**Directions:**
Your copy must start with the line containing "5 غرف نوم منزل" and end with the last line of the entries, matching them exactly and leaving out every picture.

**Short web captions:**
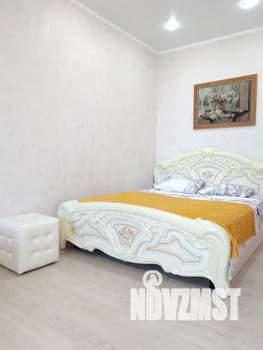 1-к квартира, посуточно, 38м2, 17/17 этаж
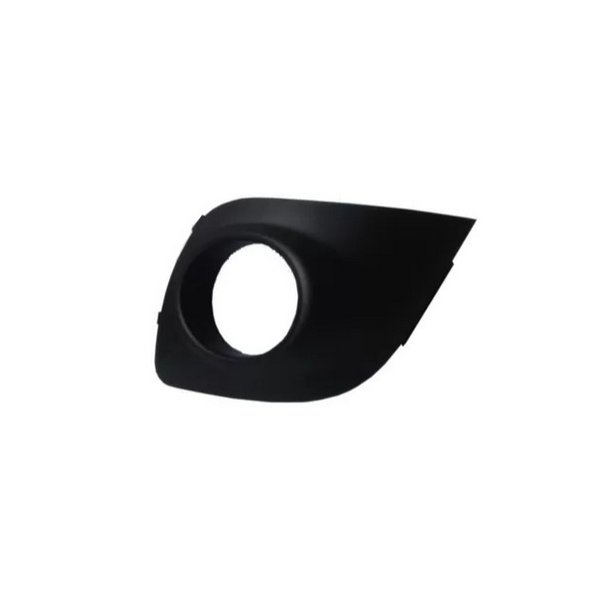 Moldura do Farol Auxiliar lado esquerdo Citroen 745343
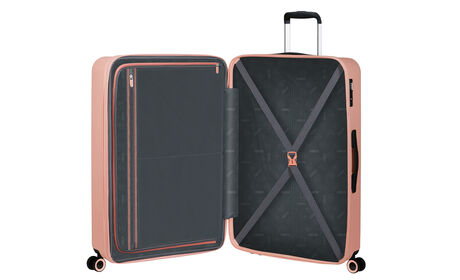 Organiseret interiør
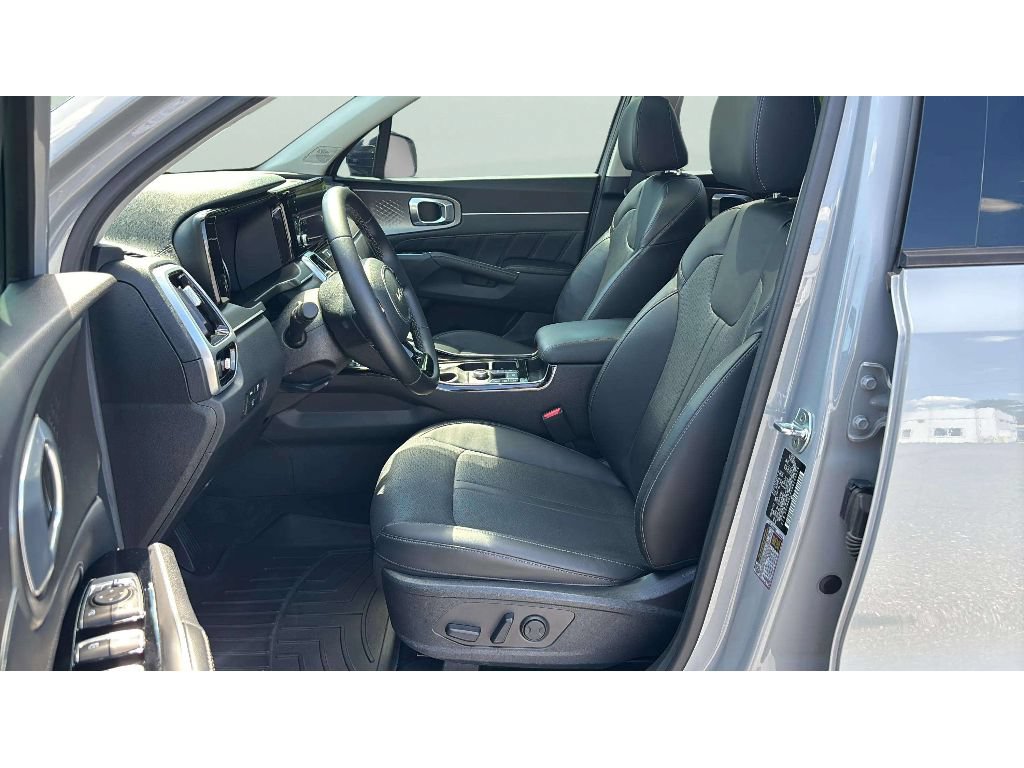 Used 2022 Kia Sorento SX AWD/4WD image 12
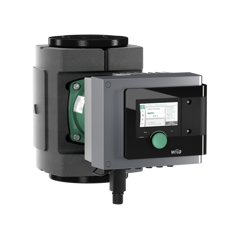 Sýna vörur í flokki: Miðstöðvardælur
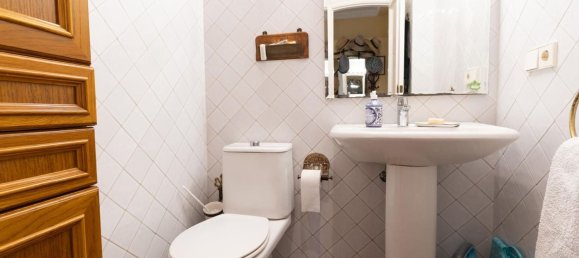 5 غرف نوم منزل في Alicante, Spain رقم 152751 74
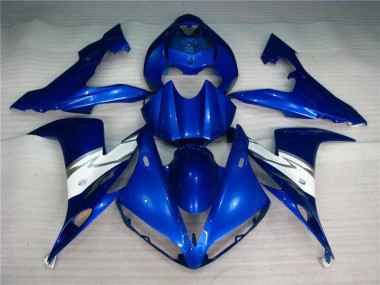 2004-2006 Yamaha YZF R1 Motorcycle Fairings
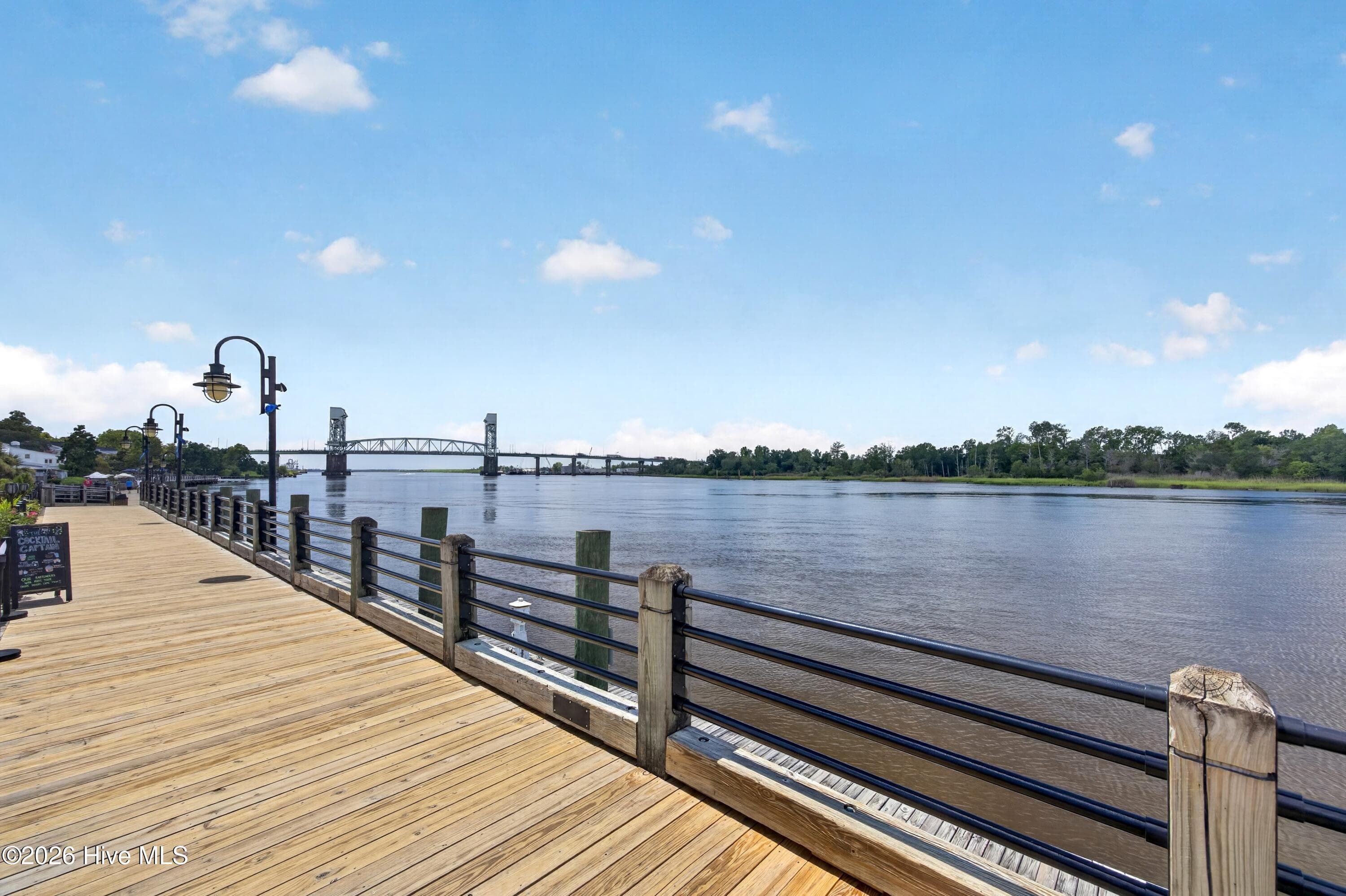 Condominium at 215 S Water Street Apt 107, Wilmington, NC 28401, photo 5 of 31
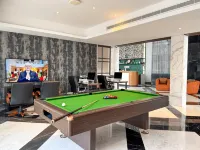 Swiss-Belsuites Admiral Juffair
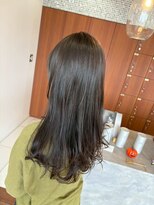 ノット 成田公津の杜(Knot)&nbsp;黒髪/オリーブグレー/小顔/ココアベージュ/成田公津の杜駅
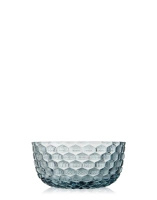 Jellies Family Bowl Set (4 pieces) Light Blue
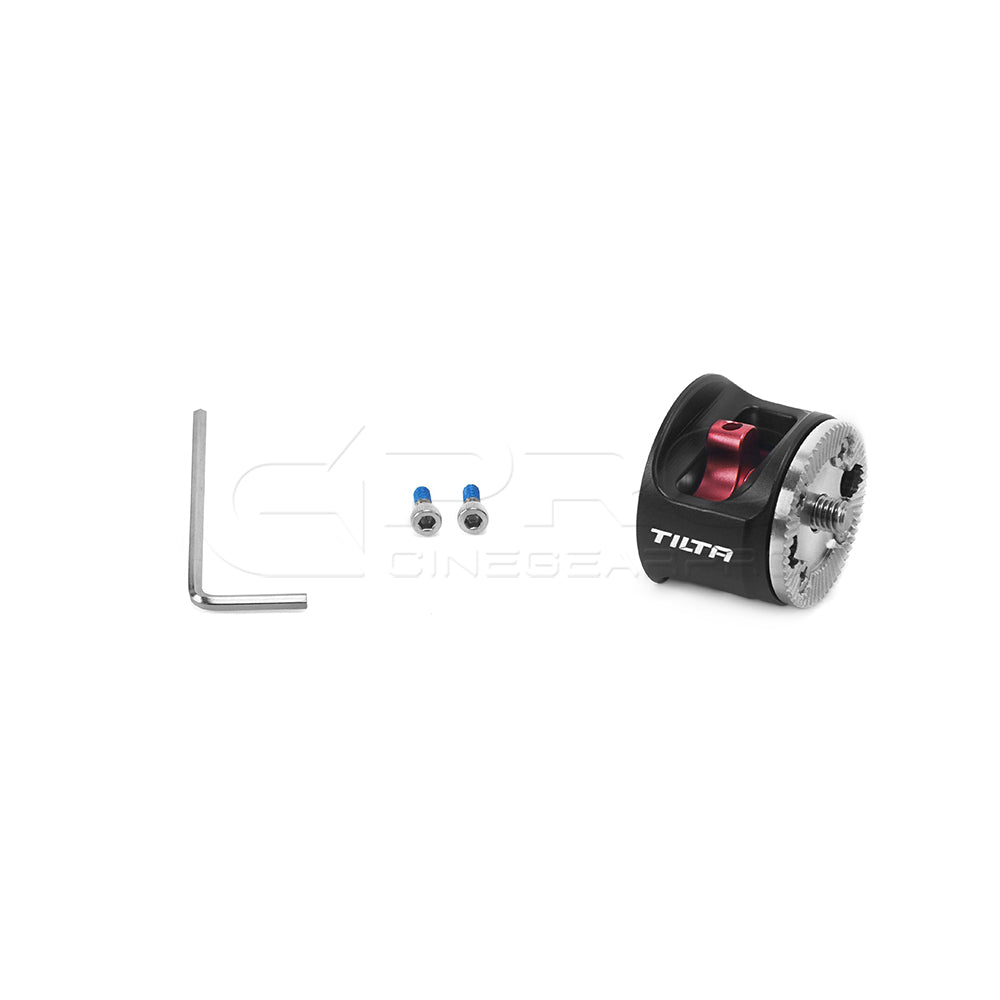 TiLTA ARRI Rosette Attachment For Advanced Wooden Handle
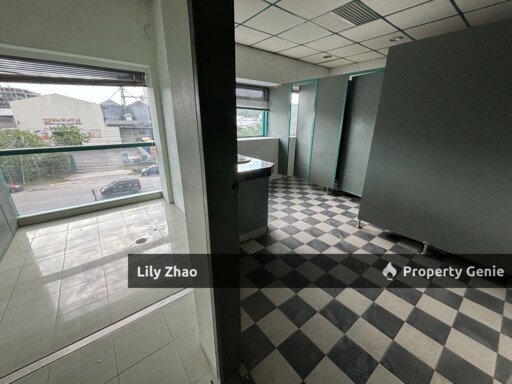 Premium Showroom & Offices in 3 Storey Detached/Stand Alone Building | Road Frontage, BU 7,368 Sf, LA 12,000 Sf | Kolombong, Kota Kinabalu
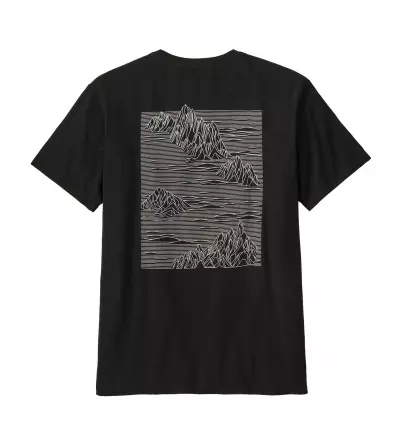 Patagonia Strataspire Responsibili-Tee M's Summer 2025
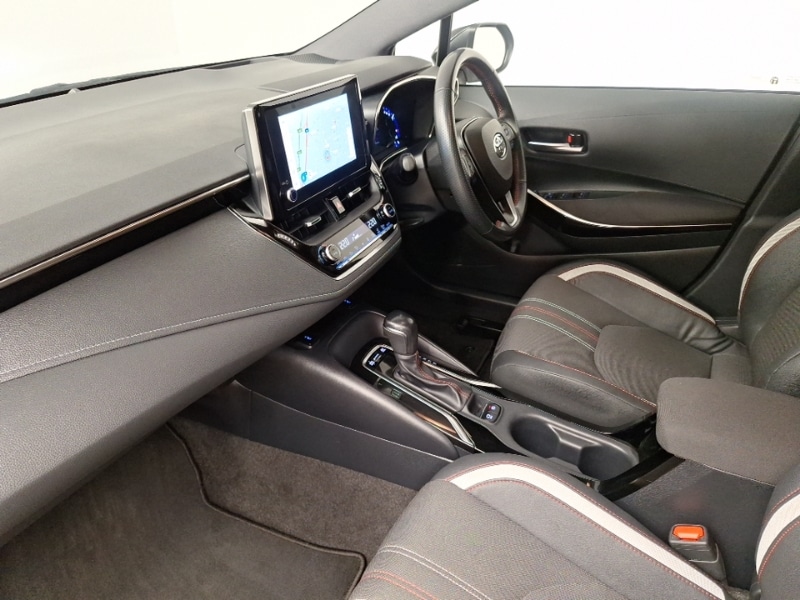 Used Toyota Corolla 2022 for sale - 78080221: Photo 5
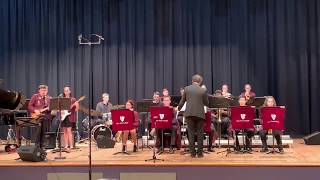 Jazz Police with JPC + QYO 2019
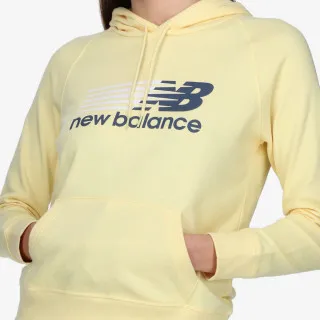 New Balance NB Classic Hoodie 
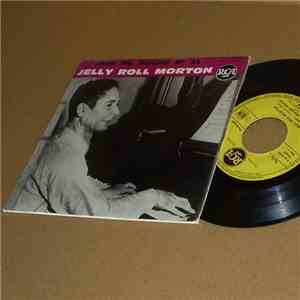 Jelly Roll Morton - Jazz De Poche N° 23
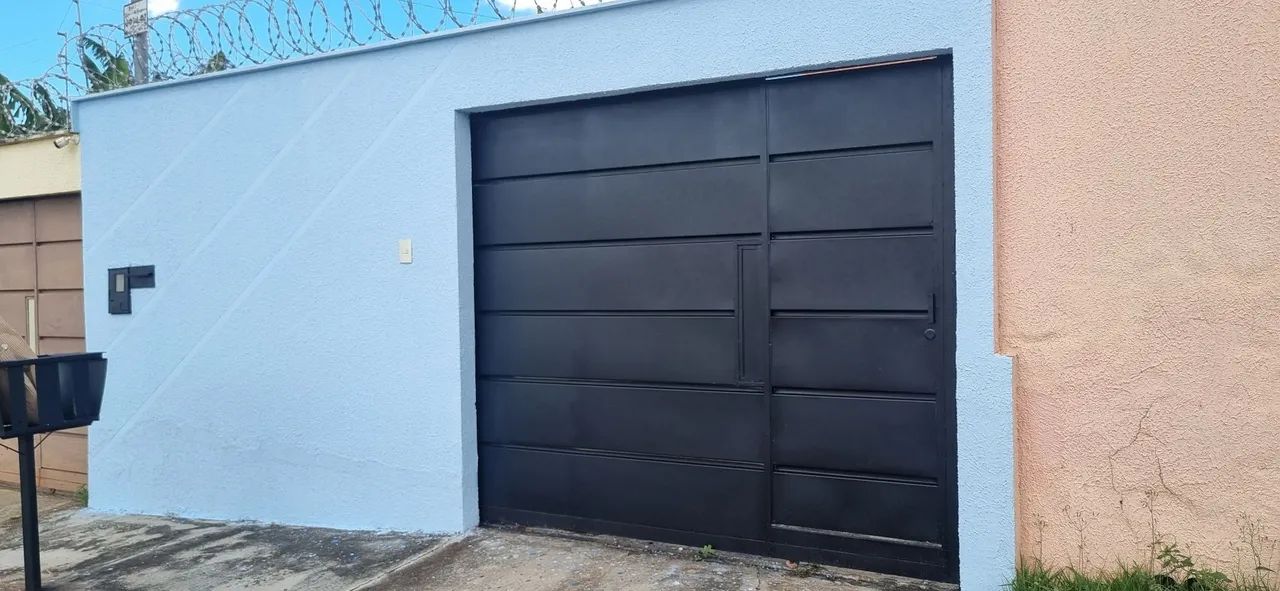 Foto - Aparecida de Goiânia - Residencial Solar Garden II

**Solution to this exercise:**
 5 غرف نوم منزل في Alicante, Spain رقم 152751 74
 2004-2006 Yamaha YZF R1 Motorcycle Fairings
 Condominium at 215 S Water Street Apt 107, Wilmington, NC 28401, photo 5 of 31
 Swiss-Belsuites Admiral Juffair
 ノット 成田公津の杜(Knot)&nbsp;黒髪/オリーブグレー/小顔/ココアベージュ/成田公津の杜駅
 Jellies Family Bowl Set (4 pieces) Light Blue
 TiLTA ARRI Rosette Attachment For Advanced Wooden Handle
 Premium Showroom & Offices in 3 Storey Detached/Stand Alone Building | Road Frontage, BU 7,368 Sf, LA 12,000 Sf | Kolombong, Kota Kinabalu
 Patagonia Strataspire Responsibili-Tee M's Summer 2025
 Used Toyota Corolla 2022 for sale - 78080221: Photo 5
 Jazz Police with JPC + QYO 2019
 New Balance NB Classic Hoodie 
 Jelly Roll Morton - Jazz De Poche N° 23
 Foto - Aparecida de Goiânia - Residencial Solar Garden II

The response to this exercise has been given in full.